Monday, November 12, 2018

Sausage Party (2016) *

Sausage Party Movie Review

Directed by:  Conrad Vernon and Greg Tiernan

Starring:  (voices of)  Seth Rogen, Kristen Wiig, Edward Norton, Bill Hader, Jonah Hill, Nick Kroll, Michael Cera

We have singing, doubles entendre, sexual innuendo, gross-out humor, and naturally, weed smoking (considering Seth Rogen and company are involved) in Sausage Party, but what we don't have is laughs.   This stuff is supposed to create amusement and chuckles, and yet there are none to be found.    Sausage Party opens with a musical number featuring food items dancing and singing about going to the "Great Beyond", not knowing of course that such a place means they are goners.   
The number drones on seemingly endlessly, and puts the movie behind the eight-ball.    It doesn't recover and actually finds ways to get worse from there.

The participants in Sausage Party are hot dogs, buns, bagels, flatbread, etc. who are excited when the doors open at the supermarket where they reside for the July 4th sale.    Like lonely puppies, they ache to be thrown into a shopping cart and taken away to what they think is paradise.    A hot dog named Frank (Rogen), doesn't want to go just yet, mostly because he is in love with a hot dog bun named Brenda (Wiig).   He wants to get inside her, since hot dogs and buns go together.    Brenda and Frank are accompanied by Sammy Bagel Jr. (Norton-doing a Woody Allen impression) and other assorted drinks, vegetables, candy, etc. on an adventure which we don't much care about.

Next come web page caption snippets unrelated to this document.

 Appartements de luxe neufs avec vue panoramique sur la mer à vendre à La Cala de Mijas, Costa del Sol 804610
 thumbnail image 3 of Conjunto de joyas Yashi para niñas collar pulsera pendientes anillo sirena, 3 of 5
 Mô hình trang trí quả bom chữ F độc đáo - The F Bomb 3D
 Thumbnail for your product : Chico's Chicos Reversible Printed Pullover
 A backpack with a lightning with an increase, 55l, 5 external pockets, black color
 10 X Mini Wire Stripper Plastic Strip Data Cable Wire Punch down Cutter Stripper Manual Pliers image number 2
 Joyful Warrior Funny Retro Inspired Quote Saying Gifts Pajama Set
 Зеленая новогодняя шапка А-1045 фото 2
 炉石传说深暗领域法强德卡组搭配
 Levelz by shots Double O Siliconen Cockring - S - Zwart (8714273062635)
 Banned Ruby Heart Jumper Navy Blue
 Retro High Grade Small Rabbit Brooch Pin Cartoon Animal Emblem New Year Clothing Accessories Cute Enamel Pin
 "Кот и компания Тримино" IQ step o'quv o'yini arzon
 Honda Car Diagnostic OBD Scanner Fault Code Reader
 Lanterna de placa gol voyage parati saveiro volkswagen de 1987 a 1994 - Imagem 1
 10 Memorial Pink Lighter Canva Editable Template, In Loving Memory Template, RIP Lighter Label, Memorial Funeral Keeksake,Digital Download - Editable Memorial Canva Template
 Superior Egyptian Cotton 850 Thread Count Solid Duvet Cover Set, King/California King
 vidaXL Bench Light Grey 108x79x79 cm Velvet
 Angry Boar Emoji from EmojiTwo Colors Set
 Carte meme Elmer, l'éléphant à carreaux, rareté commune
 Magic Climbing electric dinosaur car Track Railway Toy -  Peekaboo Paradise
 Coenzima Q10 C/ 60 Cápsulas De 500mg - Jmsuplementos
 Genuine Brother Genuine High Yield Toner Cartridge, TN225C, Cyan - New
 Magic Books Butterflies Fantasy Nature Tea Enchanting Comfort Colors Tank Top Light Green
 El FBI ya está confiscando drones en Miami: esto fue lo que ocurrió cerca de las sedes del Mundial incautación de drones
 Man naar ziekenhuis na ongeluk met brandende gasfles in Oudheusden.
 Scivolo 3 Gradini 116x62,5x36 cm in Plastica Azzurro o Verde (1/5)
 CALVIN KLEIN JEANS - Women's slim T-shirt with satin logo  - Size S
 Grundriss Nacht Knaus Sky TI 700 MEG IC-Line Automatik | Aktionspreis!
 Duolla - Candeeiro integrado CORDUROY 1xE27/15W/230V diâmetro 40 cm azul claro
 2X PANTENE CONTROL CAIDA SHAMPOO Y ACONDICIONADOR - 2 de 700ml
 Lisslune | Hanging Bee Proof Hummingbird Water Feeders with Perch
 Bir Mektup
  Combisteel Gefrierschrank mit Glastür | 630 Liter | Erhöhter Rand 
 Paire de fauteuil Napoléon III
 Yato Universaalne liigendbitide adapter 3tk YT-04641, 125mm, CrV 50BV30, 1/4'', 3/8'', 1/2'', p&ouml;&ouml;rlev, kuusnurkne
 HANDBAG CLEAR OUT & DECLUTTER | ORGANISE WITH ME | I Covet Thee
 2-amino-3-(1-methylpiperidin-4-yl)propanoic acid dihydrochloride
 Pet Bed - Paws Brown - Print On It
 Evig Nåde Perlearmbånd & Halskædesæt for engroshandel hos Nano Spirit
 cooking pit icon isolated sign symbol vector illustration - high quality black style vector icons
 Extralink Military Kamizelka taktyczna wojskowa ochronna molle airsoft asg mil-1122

The plot isn't really the reason anyone would want to see Sausage Party.    Those with the sense of humor of a ten-year-old will be amused (maybe), and laugh because they figured out just what Frank and Brenda want to do with each other.    But, would a ten-year-old understand the villainous douche?    Or even what a douche is for?   Or, excuse me, feminine hygiene product.   I picture Rogen and Jonah Hill, who co-wrote the script with longtime Rogen collaborator Evan Goldberg, cracking themselves up at the thought of a, ahem, feminine hygiene product regaining its strength by sucking the liquid out of an open juice box at a strategic point on its "body".    They might be the only ones amused.    Sophomoric humor can be funny, but not when its goal is to amuse the filmmakers more than the audience.    More to the point, aren't these guys getting a little old for this shit?